The following post is part of a new series that brings a fresh perspective to global news from our team of foreign correspondents (The links throughout this story lead to French sites.)

It's the "he said-she said" story of the year, and it's not over yet. The sexual peccadilloes of Dominique Strauss-Kahn, the onetime head of the International Monetary Fund, continue to fascinate France and provide hilarious fodder for its comedians.

DSK, as he is known here, has admitted to a dalliance with a hotel maid in New York in May. The maid contends she was sexually assaulted. That case is winding its way through the New York civil courts. Meanwhile, here in France, the police are investing an allegation by a young would-be journalist, Tristane Banon, who says DSK tried to rape her during an interview in an empty Paris apartment eight years ago.
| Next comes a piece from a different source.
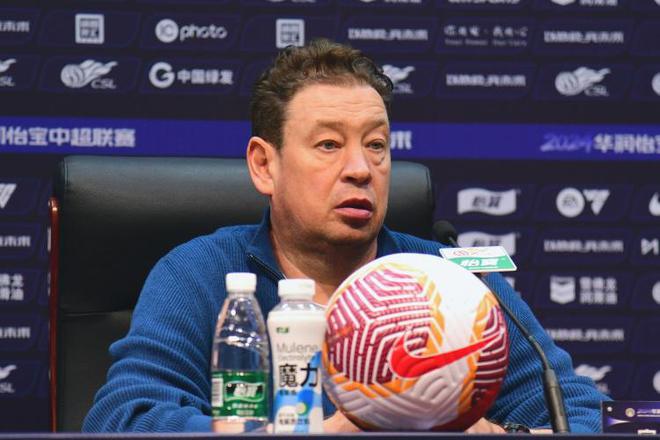  足球報：斯盧茨基平衡亞冠中超，已達最佳結(jié)果之半。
DSK has dismissed Ms. Banon's accusation as "fantasy."

Police questioned Ms. Banon and DSK together on Thursday behind closed doors. She then went on national television to sound off (Mr. Strauss-Kahn did the same last week, saying his encounter with the maid in New York was "a moral failing" on his part.) She told TF1 she doesn't hate him but has "contempt" for him and described him as "arrogant" and "cold." She stuck to her story.
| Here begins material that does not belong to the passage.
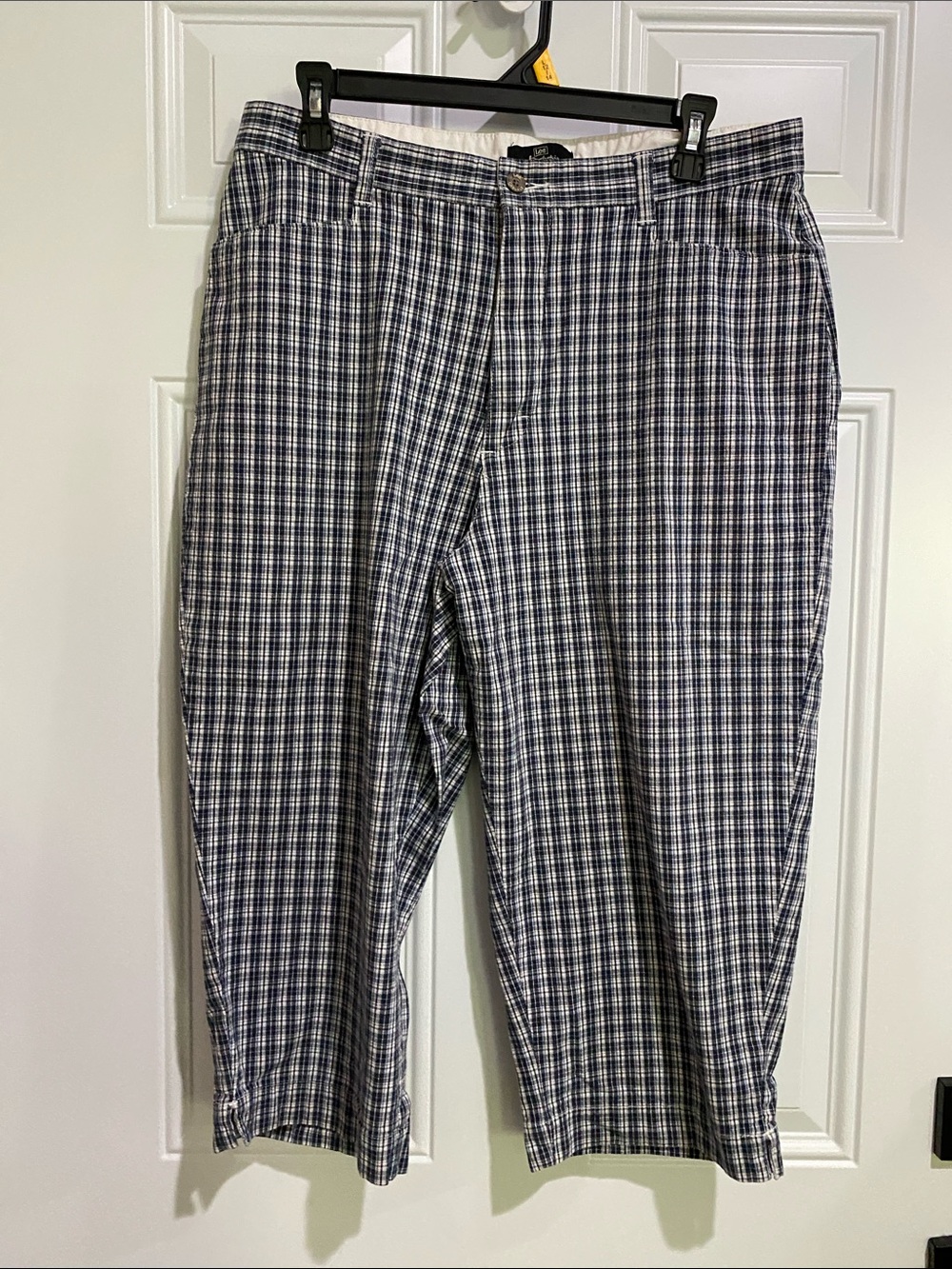 Lee Women's Navy and White Plaid Capris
Mr. Strauss-Kahn, once seen as the Socialists' best hope to win the presidency after 17 years in the political wilderness, has tried to project a kind of steely dignity. But he's become an object of fun.

Take Les Guignols, a popular TV show that portrays French celebrities as puppets and has been skewering the French elite for years. The DSK puppet used to be dressed in a suit and tie. Now it appears in a leopard-print bathrobe, a cheeky reminder of how the sexual encounter in the New York hotel room began. "Excuse my outfit," his puppet-persona says each time he appears on the show. "I just got out of the shower."
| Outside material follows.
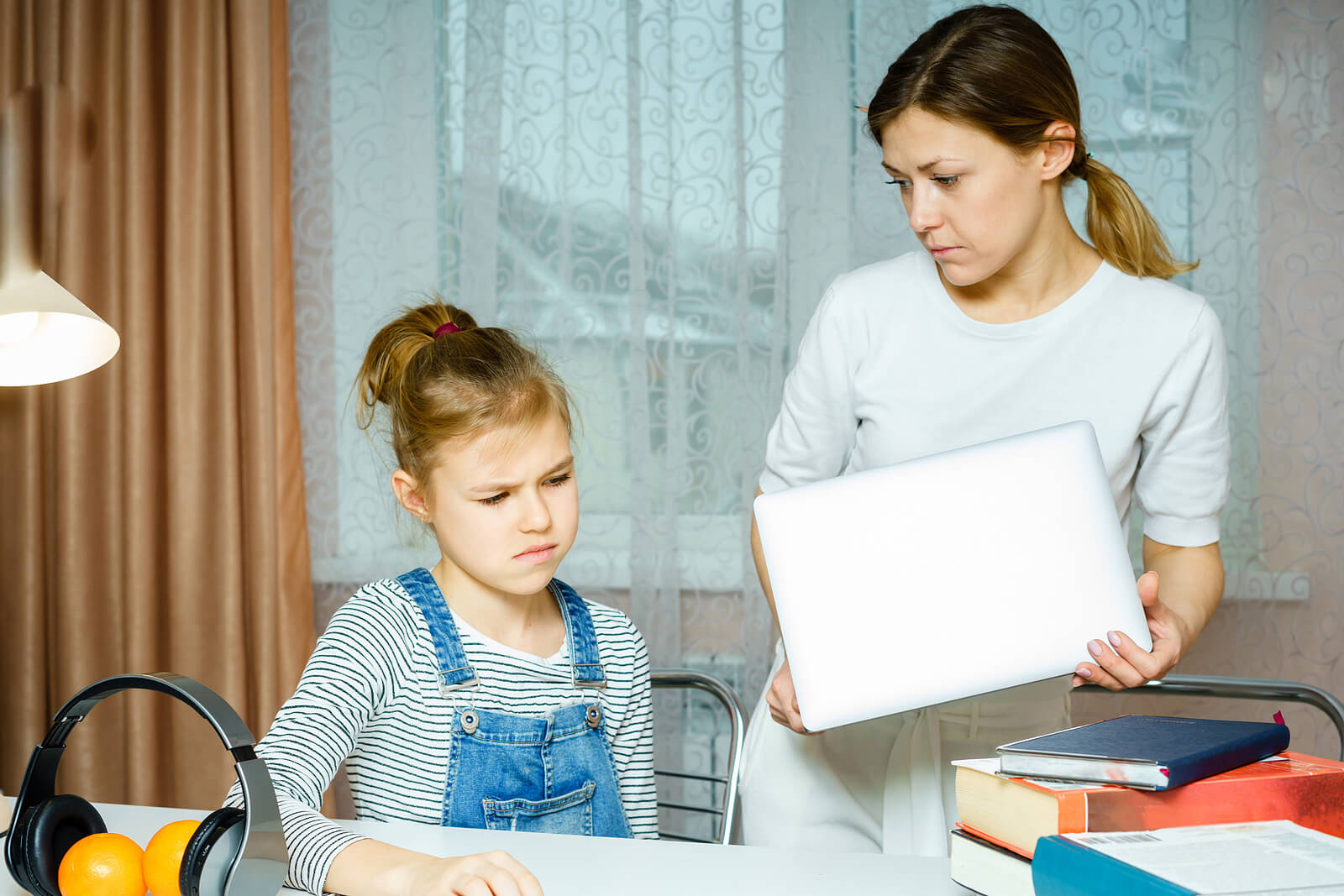 Madre intrusiva cotilleando las cosas personales de su hija.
On Europe 1 radio on Friday, the political comedian Nicolas Canteloup did a naughtier send-up in an impersonation of DSK, imagining the atmosphere in the room when the ex-IMF chief met with the police and Ms. Banon. "This was just our second date," the prankster has Mr. Strauss-Kahn saying. "We chatted about this and that … and I'm confident that I'll succeed with her in the future."

Meanwhile, the magazine Médias reports in its newly released fall issue that the DSK affair, unsurprisingly, has been a circulation and financial bonanza for the French media. It said sales of Libération, the left-wing daily, soared 113 per cent the first day the story broke in May.

The two main TV channels each counted an additional 1.2 million viewers for the evening news shows. The author predicts no let-up in interest: "Now that the time of crocodile tears is over, autumn could be venomous."